Political Friendship and Rivalry in the U.S. and the U.K.

I detest every bit of legislation he has put forward and he openly loathes my entire political outlook. We had lunch last week; he’s actually rather charming.

So commented a friend in the UK parliament. I assume similar sentiments informed Lexington’s analysis of U.K. versus U.S. cross-party relationships, which contains this acute observation:

After they heap scorn and vitriol upon one another in the debating chamber, members of the British Parliament retire companionably together to the bars and tea rooms of the Palace of Westminster.

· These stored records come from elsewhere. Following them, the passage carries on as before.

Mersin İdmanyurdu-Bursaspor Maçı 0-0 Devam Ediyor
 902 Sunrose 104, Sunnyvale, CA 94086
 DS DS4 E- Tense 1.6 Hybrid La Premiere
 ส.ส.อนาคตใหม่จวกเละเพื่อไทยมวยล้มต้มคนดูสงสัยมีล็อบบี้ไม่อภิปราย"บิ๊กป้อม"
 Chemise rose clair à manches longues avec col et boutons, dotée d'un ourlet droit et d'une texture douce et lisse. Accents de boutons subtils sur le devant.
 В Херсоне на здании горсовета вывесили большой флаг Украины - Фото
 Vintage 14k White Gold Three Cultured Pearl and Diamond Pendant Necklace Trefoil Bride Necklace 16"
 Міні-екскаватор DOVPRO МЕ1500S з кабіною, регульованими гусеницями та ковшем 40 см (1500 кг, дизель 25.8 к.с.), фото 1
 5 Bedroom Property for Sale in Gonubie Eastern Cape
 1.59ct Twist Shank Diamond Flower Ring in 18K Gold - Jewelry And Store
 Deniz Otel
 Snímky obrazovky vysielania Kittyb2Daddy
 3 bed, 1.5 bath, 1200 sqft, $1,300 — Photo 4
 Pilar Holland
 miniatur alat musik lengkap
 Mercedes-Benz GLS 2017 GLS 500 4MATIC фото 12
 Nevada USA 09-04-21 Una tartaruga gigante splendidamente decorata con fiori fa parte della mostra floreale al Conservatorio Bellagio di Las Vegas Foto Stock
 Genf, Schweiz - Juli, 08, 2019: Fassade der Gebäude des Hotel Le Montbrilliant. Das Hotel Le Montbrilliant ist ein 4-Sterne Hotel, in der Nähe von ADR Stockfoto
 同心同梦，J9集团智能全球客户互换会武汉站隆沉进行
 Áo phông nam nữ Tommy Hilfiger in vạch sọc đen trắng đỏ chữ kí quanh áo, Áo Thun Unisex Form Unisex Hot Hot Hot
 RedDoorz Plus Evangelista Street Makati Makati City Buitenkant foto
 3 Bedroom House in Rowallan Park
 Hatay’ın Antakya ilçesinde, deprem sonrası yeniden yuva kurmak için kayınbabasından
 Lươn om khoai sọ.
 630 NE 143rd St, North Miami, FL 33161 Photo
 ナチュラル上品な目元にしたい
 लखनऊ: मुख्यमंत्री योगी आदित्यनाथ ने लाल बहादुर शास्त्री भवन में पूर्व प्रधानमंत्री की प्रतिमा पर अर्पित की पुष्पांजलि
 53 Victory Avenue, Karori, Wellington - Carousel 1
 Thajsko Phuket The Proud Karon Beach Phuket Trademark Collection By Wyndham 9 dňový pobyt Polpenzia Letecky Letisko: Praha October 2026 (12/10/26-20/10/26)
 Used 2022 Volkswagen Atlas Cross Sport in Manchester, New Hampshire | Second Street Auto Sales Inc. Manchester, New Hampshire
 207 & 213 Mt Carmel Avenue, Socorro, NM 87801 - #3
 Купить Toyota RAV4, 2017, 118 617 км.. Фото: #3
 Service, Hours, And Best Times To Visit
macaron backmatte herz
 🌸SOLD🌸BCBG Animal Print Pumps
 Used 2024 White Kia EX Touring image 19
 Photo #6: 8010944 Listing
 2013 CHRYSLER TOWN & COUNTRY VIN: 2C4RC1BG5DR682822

Lexington contrasts this public vs private inversion of behavior in Parliament with its parallel in the U.S. Congress, where opposing politicians who exhibit “exaggerated decorum” during C-Span covered debates can be absolutely vicious with each other in private. Like me, Lexington laments the end of bipartisan friendship in Washington. In the U.K, such friendships are easier in part because:

British politicians accept the rules of a simple game: the ruling party governs (occasionally in coalition) while the opposition bides its time.

Meanwhile in the U.S., many Tea Party Congress members believe that the vote of 90 million people in an off year election nullifies the legitimacy of a President and party elected two years earlier by a vote of over 130 million people. They came to destroy, not to befriend.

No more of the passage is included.